__What you have to do__
Please print, exactly as written, the line containing "stairway with a" and each line after it through the end of the material; pictures stay out.

* * *

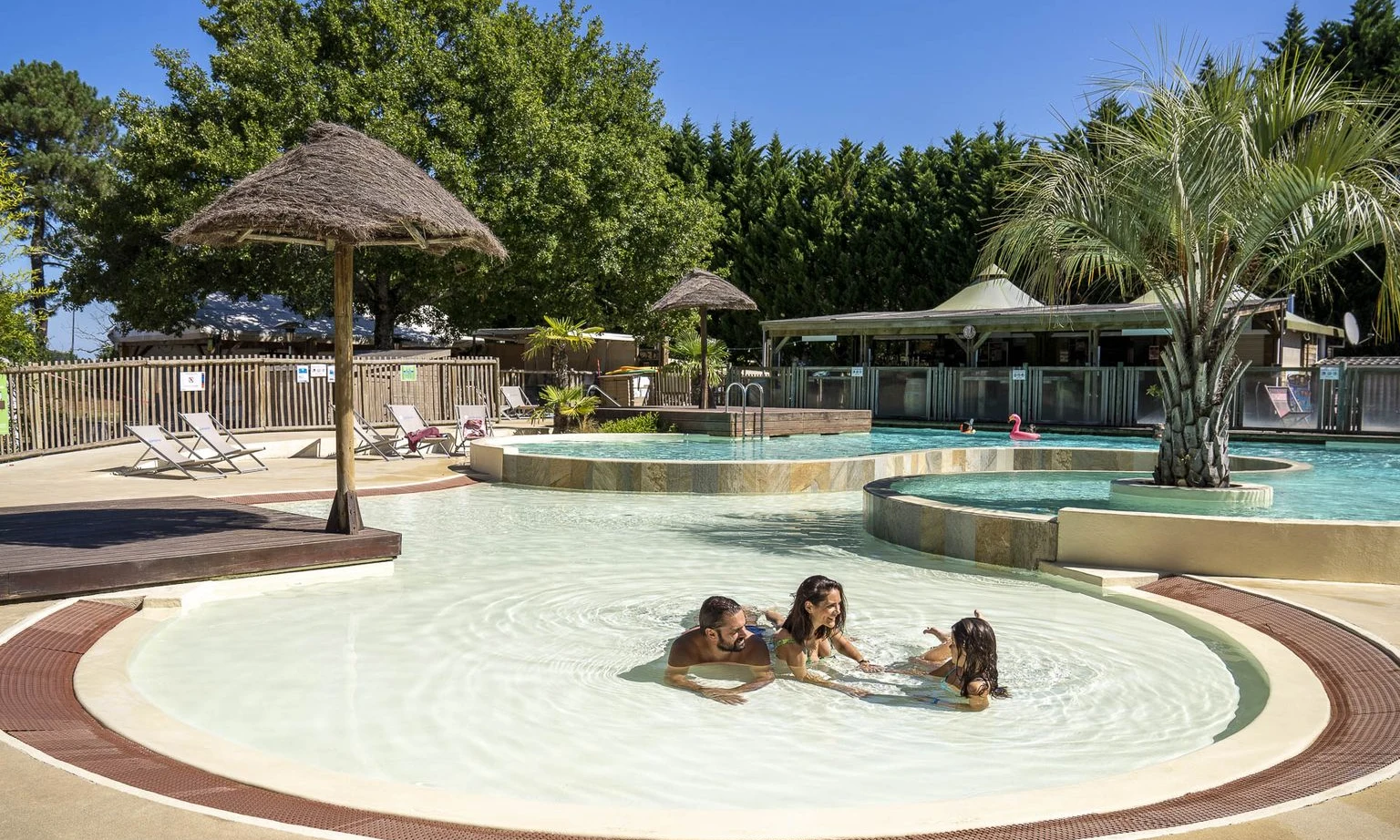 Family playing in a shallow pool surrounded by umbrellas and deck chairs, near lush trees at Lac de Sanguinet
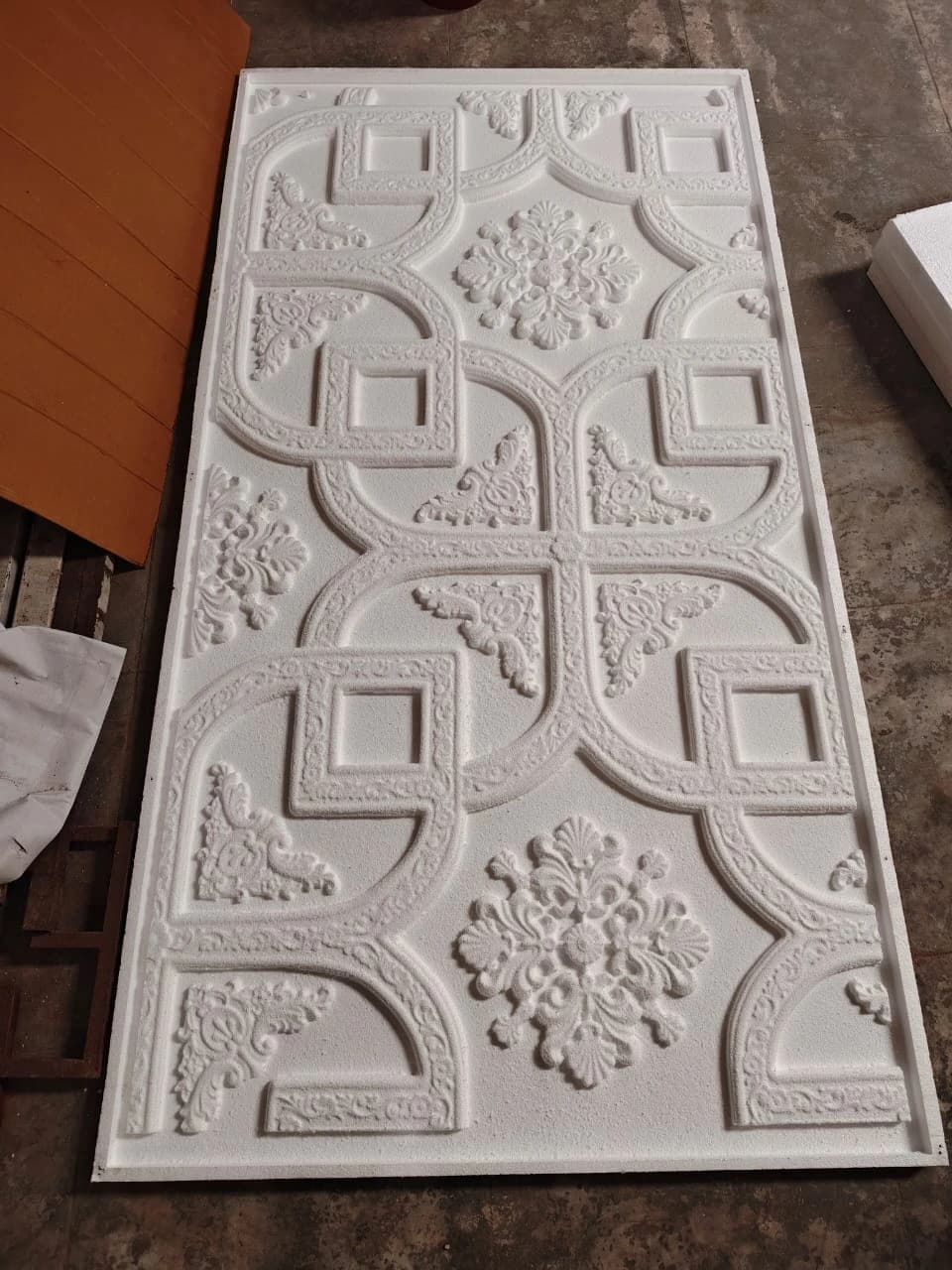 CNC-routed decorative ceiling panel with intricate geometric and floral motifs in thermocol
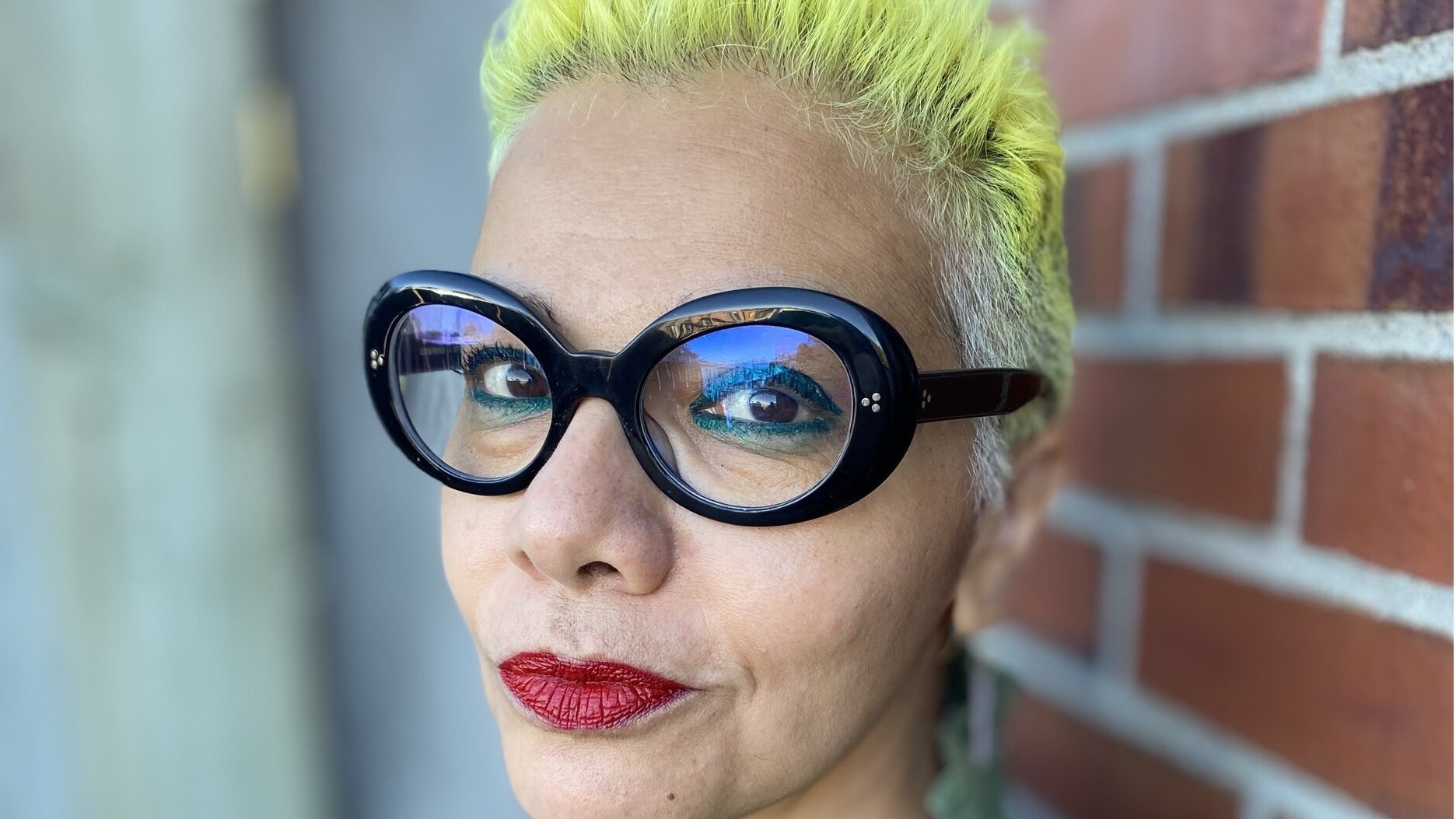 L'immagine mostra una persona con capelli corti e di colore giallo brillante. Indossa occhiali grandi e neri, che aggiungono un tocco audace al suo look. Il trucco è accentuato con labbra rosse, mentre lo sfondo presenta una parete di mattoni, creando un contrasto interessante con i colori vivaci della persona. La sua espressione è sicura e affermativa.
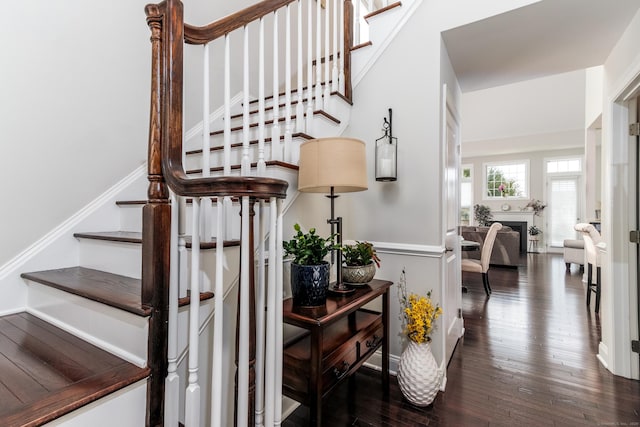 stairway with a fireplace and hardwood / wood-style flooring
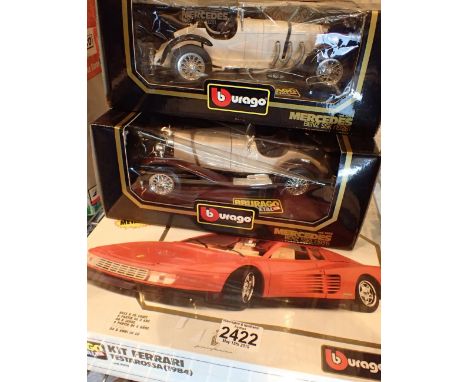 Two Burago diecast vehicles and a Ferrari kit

* * *

__Task response__
 stairway with a fireplace and hardwood / wood-style flooring
 Two Burago diecast vehicles and a Ferrari kit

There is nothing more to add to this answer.